After an acrimonious departure from the Vancouver Canucks out of training camp last year, Sven Baertschi spent the season in Utica, which left a bad taste in his mouth.
Baertschi felt that he belonged in the NHL, but the Canucks thought differently.
It became clear that the Canucks didn’t feel Baertschi — or Nikolay Goldobin, for that matter — were defensively responsible enough to justify keeping in the lineup. They never really looked back, either.
Sure, they called Baertschi up when Micheal Ferland went down with an injury in November, but he appeared in just six games before being sent back down to Utica.
Whether you agree with it or not, the club made their decision and didn’t go back on it.
But could Tyler Toffoli and Josh Leivo departing in free agency, along with a plethora of concerns around Ferland’s future make the Canucks rethink their stance on Baertschi?
Jake Virtanen is likely going to get a long look on the first line alongside Elias Pettersson and J.T. Miller, which theoretically means a spot will be open on the third line.
A large part of whether Baertschi fits on the third line depends largely on how the Canucks want to structure their lines when it comes to matchups. If they take the same approach that they did for the majority of last season and construct the third line with the intention of allowing them to reap the offensive rewards of playing against weaker matchups, Baertschi makes sense.
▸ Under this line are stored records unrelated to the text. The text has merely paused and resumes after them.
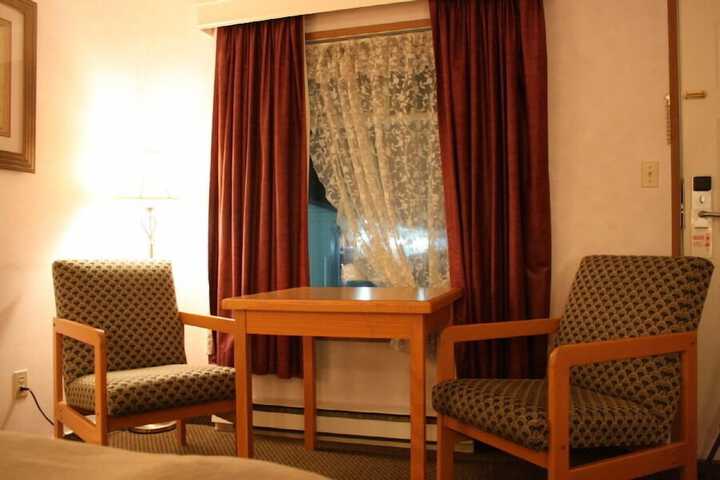 Heritage Inn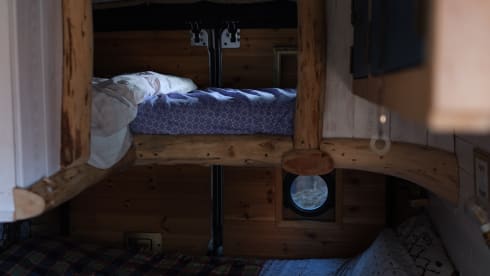 Sally Vanzilla – Handcrafted Citroën Relay Camper – Sleeps 4, Off-Grid Ready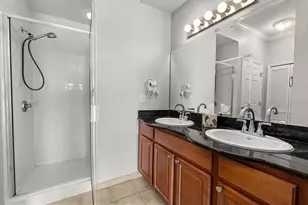 8101 Resort Village Dr, Orlando, FL 32821 - Photo 18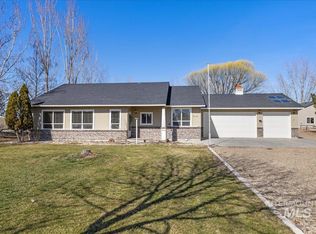 7114 Ridge View Dr, Marsing, ID 83639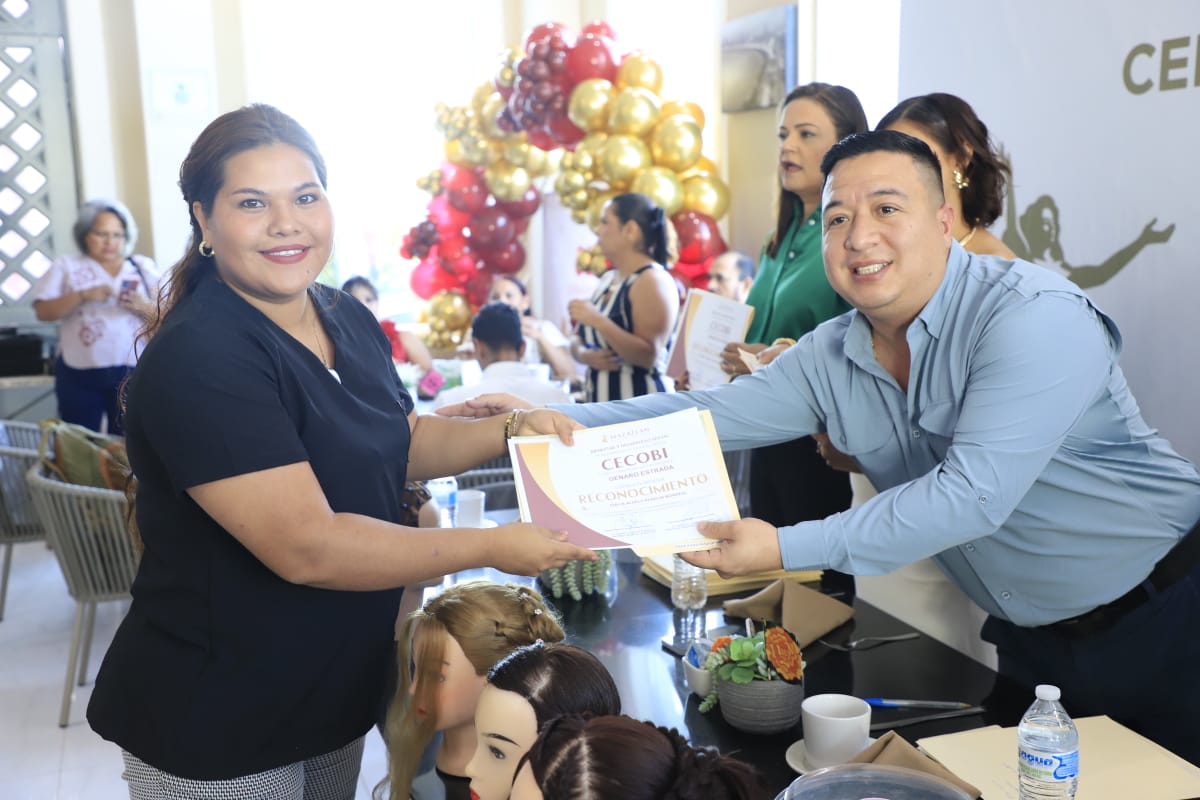 Entregan constancias a egresados de talleres del Cecobi en Mazatlan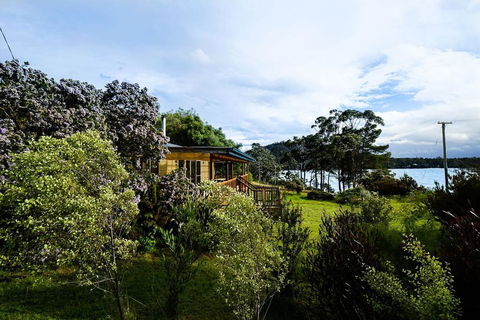 Beach House 'Aisling' - Kempsey Accommodation 1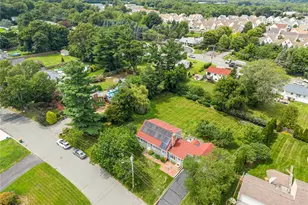37 Nelson Rd, Cranston, RI 02921 - Photo 15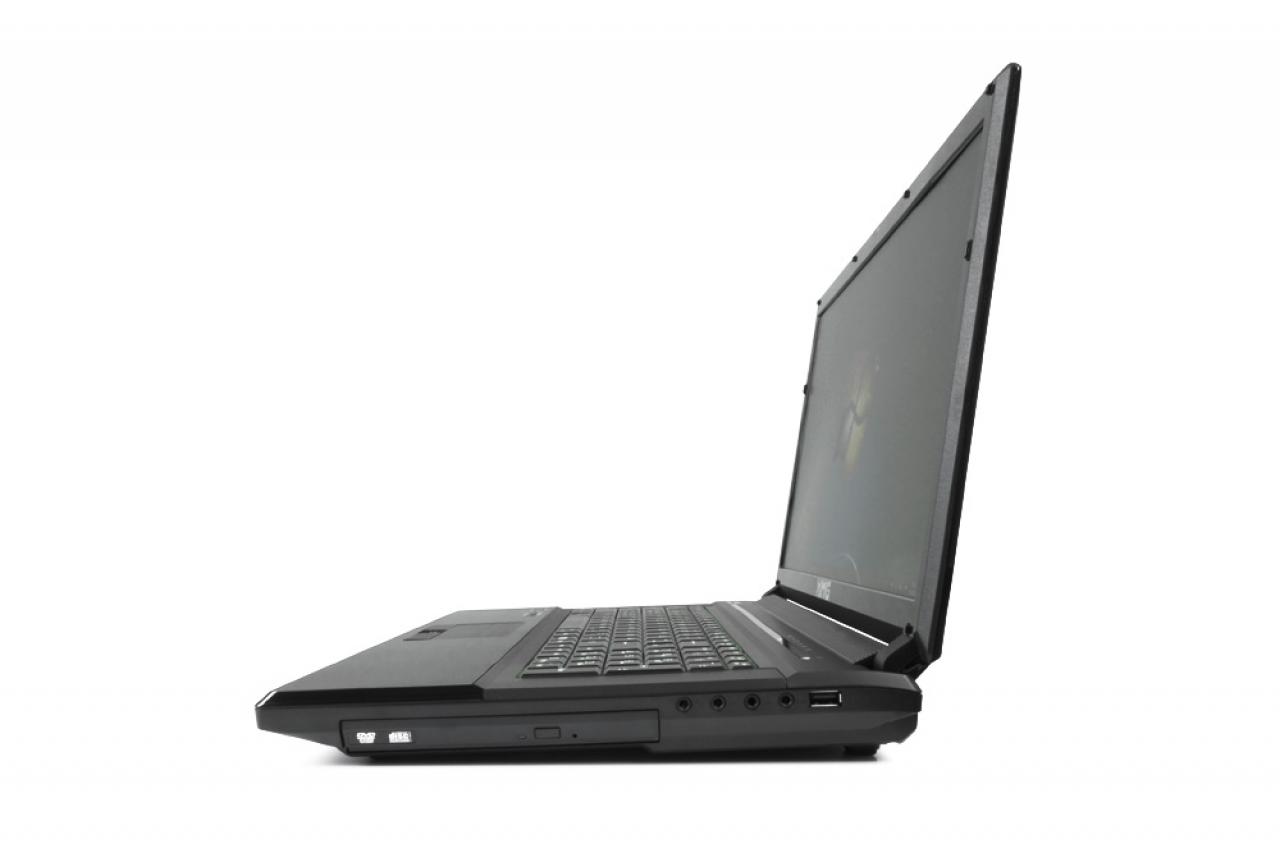 [27/04/2012] Schenker XMG P702 (5) - Ab Ende Mai auch mit Radeon HD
Losing Toffoli and Leivo hurts the Canucks’ forward group, and as the Canucks continue to look to shift their roster construction away from a set top six and bottom six (which got hemmed in their own end far too much) into more of a top-nine forward group, the opportunity could be there for Baertschi.
“Sven will come to camp,” said general manager Jim Benning a couple of weeks ago. “We’ll see where he’s at, where he fits, and if he deserves to be on the team, he’ll be on the team. If not, he will be depth for us. But that will be up to Sven.”
That makes it sound like the Canucks are indeed open to the idea of Baertschi on the NHL team, but only if he shows a commitment to the defensive side of the game, which is where they see the most issues.
That being said, when he was in Utica, Baertschi showed well on that side of the puck.
“Sven looked to me like a player who wanted to get back to the NHL level,” said former CanucksArmy contributor Cory Hergott. “He didn’t look like a player who was mailing it in. I think that over the course of the season I might have thought that his effort level lacked a bit in maybe a game or two, but I think that can be said for most players toiling at the AHL level. He was used on the PK off and on during the season, so I don’t think that the coaching staff was concerned about his defensive game.”
Another issue commonly cited as a reason for the organization keeping him in the minors is his past history with concussions. It’s important to note that Baertschi wasn’t shying away from contact. He had no concussion-related issues this season, and his effort level wasn’t something to be concerned about.
“He suffered a high ankle sprain and only missed a few games. That’s an injury that he could have easily spent the rest of the season milking on IR, getting paid and not riding busses if his attitude was in the wrong space,” added Hergott. “He came back quickly and played hard. I made a point of mentioning throughout the season that he wasn’t just not shying away from physical contact, but was indeed seeking it out at times and getting his nose dirty. He took a few big-time hits this year and bounced right back up and kept playing.”
That sure sounds like a guy hellbent on proving to NHL GMs that he’s far from finished.
The question now is, can he prove it to the Canucks?